Few Americans know that among all the white men who became the face of the National Aeronautics and Space Administration (NASA) were three black women who played a huge role in the early days of the space program. Margot Lee Shetterly tells their inspiring story in Hidden Figures: The American Dream and the Untold Story of the Black Women Mathematicians Who Helped Win the Space Race. Director Theodore Melfi (St. Vincent) has adapted the book for the screen along with Allison Schroeder. As he demonstrated in St. Vincent, he has a knack for drawing out the emotional richness in scenes. In this film, we watch the three women face and overcome racist and sexist prejudice in Virginia, a state that in the early 1960s was still segregated with "colored-only" bathrooms and drinking fountains.
Katherine Goble (Taraji P. Henson) is a quiet child prodigy in mathematics who is assigned to work under Al Harrison (Kevin Costner) and his team of male engineers who are coordinating the flights of Atlas rockets. Although Paul Stafford (Jim Parsons), the lead engineer, repeatedly tries to humiliate Katherine, Al opens doors for her after he senses the depth of her commitment to the project and the brilliance of her mathematical calculations. She comes up with one solution after another for problems and becomes the go-to person to confirm calculations.
Katherine's two best friends are Dorothy (Octavia Spencer) and Mary (Janelle Monáe) who also have to work harder than others to overcome the virulence of Jim Crow laws.

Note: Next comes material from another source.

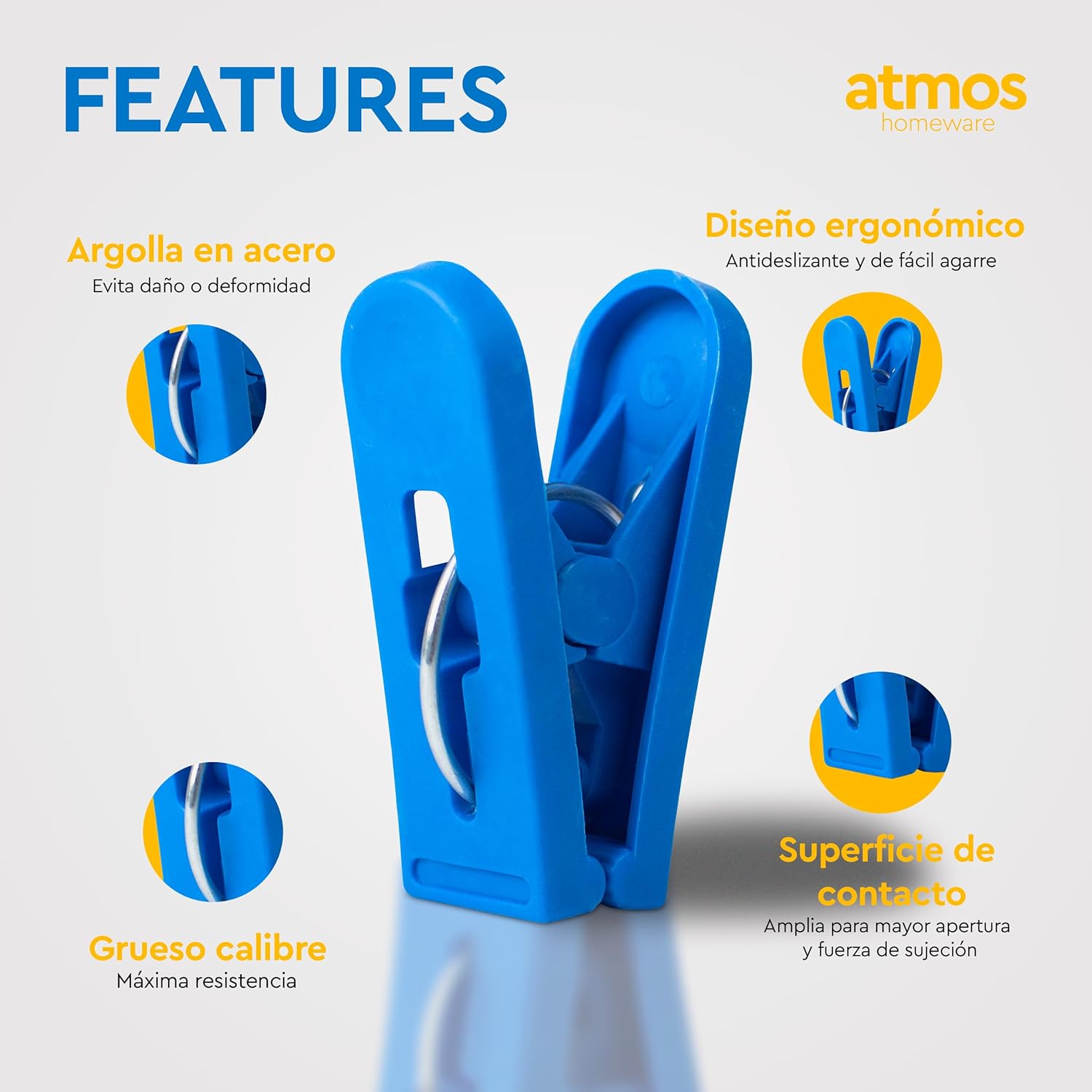 Pinzas Para Colgar Ropa | 36 Ganchos De Máxima Resistencia.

Dorothy's racist boss, Vivian (Kirsten Dunst), blocks her advancement to head NASA's team of black women, even though she is doing all the work of a supervisor. Mary has to convince a judge to permit her to take courses in a racially segregated school in order to fulfill the requirements to enter NASA's engineering program. All three women are members of a lively black Christian church and Katherine, who has three children, is being slowly courted by a military officer (Mahershala Ali).
The patience and perseverance of these three African-American women is what makes this movie so moving. They manage to progress even in the face of blatant prejudice. They not only prove their gifts and talents, they do it with grace. The performances by Henson, Spencer, and Monáe shine and provide us with a portrait of three courageous fighters for justice.